Presentato al Festival di Berlino il 29 giugno 1971, il Decameron venne premiato con l’Orso d’argento. In Italia uscì il 25 agosto dello stesso anno, attirando su di sé accuse di pornografia, denunce e domande di sequestro.
Spostando la scena – e il sogno, come scena primaria – da Firenze a Napoli, Pasolini decontestualizza storicamente lo scenario della peste, affidando a Giotto la veste di attraversatore di volti e tempi e spazi, sempre in bilico tra la realtà dei poveri e l’irrealtà dei ricchi, tra l’osceno e il sacro, tra il corpo e la sua celebrazione.
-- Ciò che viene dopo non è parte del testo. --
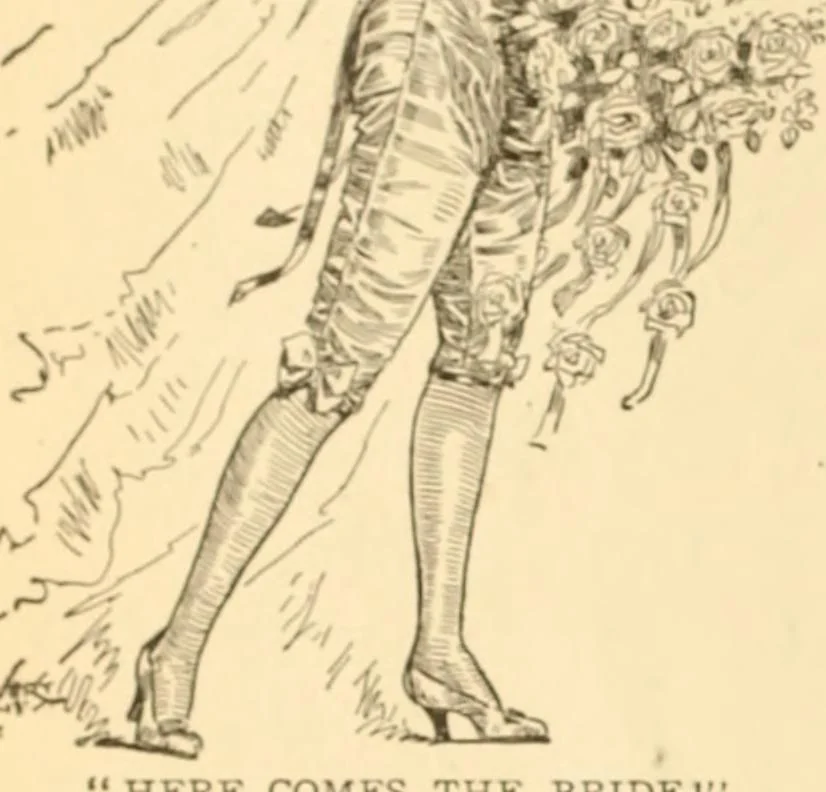 An illustration from Caricature. ed 1913, 1913, leaf 21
Giotto appare quindi, nelle parole dello stesso Pasolini, consegnate al trattamento del film, «buffo come un pagliaccio, con quel suo occhio divino che vede tutto, (…) e tutto trasforma in qualcosa di fisso e di eterno che vince il tempo».
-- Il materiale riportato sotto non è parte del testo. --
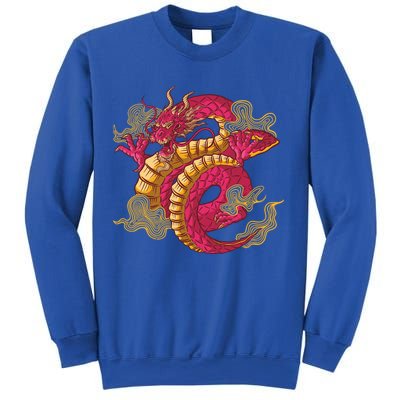 Chinese Dragon Creature Sweatshirt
Il rapporto col tempo è inscritto nelle immagini ferme, nelle istantanee dei volti e dei luoghi che Giotto «si imprime nella memoria», risognandoli in una pittura che inscrive sul muro segni e frammenti di quel tempo, in un film dove il rapporto tra vedere e non vedere, tra finire e proseguire, tra tempo dell’opera e tempo della vita riveste una funzione chiave.
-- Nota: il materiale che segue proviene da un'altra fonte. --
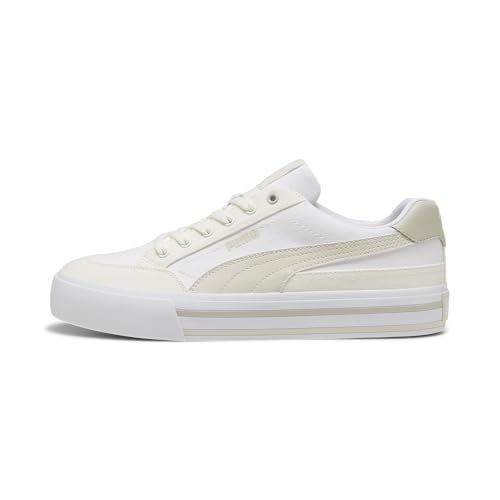 Image of Puma Mens Court Classic Vulc Slip on Shoes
Nel Decameron «gioco una realtà che mi piace ancora ma che nella storia non c’è più. Ho scelto Napoli per il Decameron perché Napoli è una sacca storica: i napoletani hanno deciso di restare quello che erano, e, così, di lasciarsi morire» (Io e Boccaccio, Intervista di Dario Bellezza, “L’Espresso”, 22 novembre 1970).
Leggiamo dalla sceneggiatura del Decameron:
[L’allievo di Giotto] sogna l’Universo dopo la fine del mondo, è un Universo piccolo, che comprende poche centinaia di persone, e potrebbe essere contenuto in uno stanzone. Ma, per quanto piccolo, tale Universo è immenso, perché comprende al centro, in un ovale di luce circondato da facce di Angeli, il Signore Iddio [sarà in realtà, nel film, la Madonna col Bambino]. Alla sua destra e alla sua sinistra, ci sono, quasi simmetriche, le file dei Beati, che lo contemplano. Ci sono quelli più fortunati in prima fila, e poi tutti gli altri, di cui si vedono solo le teste, con le aureole che luccicano meravigliosamente. Dietro a tutti questi c’è il Cielo, anzi, essi sono nel Cielo. Il Cielo è nettamente diviso dall’Inferno; perché l’Universo di Giotto è nettamente diviso tra il Bene e il Male. Nello scuro Inferno, scavato nel tufo, ne succedono di tutti i colori: schiere di Dannati aspettano di essere giudicati per le loro Pene, con la disperazione negli atti e negli occhi, sorvegliati da Diavoli pelosi come scimmie. Più sotto, ci sono i Dannati che hanno cominciato la loro Eternità Infernale: le loro Pene sono le più crudeli, e il fuoco che li tormenta brilla secondo Giustizia, illuminando i Diavoli. La visione frontale e ingenua di Giotto – poiché questo è un sogno realistico – è piena di prospettive folli e vere di un luminismo caravaggesco, dove il solo è sole e il fuoco è fuoco. La visione è grandiosa; mai in tutto il film si è visto niente di simile: c’è da restare a bocca aperta davanti alla grandezza, alla bellezza, alla verità.